Charles "Charlie" Child Eldredge (born April 12, 1944, in Boston) is an American art historian, educator, and curator. Eldredge is the Hall Distinguished Professor of American Art and Culture Emeritus at the University of Kansas. He also served as Director of the Spencer Museum of Art and the Smithsonian American Art Museum during his career.

==Career==
Eldredge was born to Henry and Priscilla Marion Bateson in Boston, but was raised in East Greenwich, Rhode Island. Eldredge received a Bachelor of Arts in American Studies from Amherst College in 1966, and then continued on to earn a Doctor of Philosophy in Art History from the University of Minnesota in 1971. His doctoral dissertation was on the artist Georgia O'Keeffe, whom he studied throughout his career, and was titled "Georgia O'Keeffe: The Development of an American Modern."

In 1970, while still a doctoral student, Eldredge was hired as assistant professor of Art History at the University of Kansas, which also came with a joint appointment as curator at their Spencer Museum of Art.
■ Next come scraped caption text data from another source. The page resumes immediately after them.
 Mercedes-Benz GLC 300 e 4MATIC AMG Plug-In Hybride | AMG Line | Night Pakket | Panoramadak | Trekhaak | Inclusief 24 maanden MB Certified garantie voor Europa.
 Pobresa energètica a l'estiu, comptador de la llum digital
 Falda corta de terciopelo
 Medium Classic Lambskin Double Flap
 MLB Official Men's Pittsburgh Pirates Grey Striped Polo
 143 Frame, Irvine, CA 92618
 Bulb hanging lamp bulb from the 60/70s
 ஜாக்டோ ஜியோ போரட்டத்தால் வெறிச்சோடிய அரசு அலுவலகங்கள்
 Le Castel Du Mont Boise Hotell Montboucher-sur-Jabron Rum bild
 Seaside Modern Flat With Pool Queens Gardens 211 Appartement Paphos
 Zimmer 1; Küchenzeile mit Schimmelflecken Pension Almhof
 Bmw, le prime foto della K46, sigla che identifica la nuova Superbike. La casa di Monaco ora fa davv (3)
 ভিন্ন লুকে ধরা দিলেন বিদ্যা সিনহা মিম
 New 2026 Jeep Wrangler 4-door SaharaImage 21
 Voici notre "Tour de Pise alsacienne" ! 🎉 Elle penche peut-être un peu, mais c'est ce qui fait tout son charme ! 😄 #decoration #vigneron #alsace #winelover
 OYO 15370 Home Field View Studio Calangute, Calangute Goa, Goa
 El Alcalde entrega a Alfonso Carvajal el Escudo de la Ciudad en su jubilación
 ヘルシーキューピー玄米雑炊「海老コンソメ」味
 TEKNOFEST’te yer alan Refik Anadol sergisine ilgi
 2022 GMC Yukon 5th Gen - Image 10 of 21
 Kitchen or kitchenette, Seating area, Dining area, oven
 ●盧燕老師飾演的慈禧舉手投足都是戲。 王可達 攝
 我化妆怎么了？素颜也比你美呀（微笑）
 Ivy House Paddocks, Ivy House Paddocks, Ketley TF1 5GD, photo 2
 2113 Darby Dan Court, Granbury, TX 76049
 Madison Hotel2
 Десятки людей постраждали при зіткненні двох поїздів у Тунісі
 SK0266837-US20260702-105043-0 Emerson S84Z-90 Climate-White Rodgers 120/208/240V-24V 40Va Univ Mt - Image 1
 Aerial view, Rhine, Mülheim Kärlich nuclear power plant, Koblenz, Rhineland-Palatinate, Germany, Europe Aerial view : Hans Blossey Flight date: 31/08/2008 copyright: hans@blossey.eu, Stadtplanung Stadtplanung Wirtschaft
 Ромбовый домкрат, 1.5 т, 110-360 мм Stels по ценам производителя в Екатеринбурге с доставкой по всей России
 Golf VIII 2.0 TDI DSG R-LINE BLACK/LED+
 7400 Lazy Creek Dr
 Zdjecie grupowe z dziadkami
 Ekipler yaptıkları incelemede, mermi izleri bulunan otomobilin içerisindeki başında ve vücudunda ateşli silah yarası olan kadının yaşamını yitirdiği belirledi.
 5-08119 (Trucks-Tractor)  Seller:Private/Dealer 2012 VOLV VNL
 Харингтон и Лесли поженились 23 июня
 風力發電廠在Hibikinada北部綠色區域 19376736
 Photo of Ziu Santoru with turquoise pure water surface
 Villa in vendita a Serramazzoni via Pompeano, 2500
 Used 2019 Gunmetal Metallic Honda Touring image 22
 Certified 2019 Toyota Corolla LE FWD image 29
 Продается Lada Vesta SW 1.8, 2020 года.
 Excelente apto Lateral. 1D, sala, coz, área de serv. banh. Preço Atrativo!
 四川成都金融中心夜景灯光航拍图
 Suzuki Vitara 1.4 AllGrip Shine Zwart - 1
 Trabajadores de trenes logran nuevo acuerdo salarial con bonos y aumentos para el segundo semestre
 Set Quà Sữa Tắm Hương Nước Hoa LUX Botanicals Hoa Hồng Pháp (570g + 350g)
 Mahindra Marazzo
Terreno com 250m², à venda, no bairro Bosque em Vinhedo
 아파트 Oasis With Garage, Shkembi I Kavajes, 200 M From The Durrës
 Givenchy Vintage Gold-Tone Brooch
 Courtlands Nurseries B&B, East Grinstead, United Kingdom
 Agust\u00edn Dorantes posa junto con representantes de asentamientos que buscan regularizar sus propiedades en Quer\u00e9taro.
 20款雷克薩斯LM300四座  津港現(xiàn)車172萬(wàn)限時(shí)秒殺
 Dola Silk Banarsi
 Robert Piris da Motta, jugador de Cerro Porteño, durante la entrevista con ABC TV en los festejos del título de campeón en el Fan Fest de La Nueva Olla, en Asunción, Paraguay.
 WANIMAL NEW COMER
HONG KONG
Upon completing his doctorate, he was elevated to the rank of Professor, as well as to Director of the Spencer. Eldredge held those posts until 1982 when he left Kansas to become Director of the Smithsonian American Art Museum. In 1988, Eldredge returned to the University of Kansas as Hall Distinguished Professor of American Art and Culture. He remained in that position until retirement in 2018, and was given the title as emeritus.

In 1989, the Smithsonian Institution named an annual award for outstanding scholarship in the field of American art after Eldredge. The award is called the "Charles C. Eldredge Prize." Eldredge has also been named an honorary member of the Association of Art Museum Directors (1990) and Phi Beta Kappa (2004).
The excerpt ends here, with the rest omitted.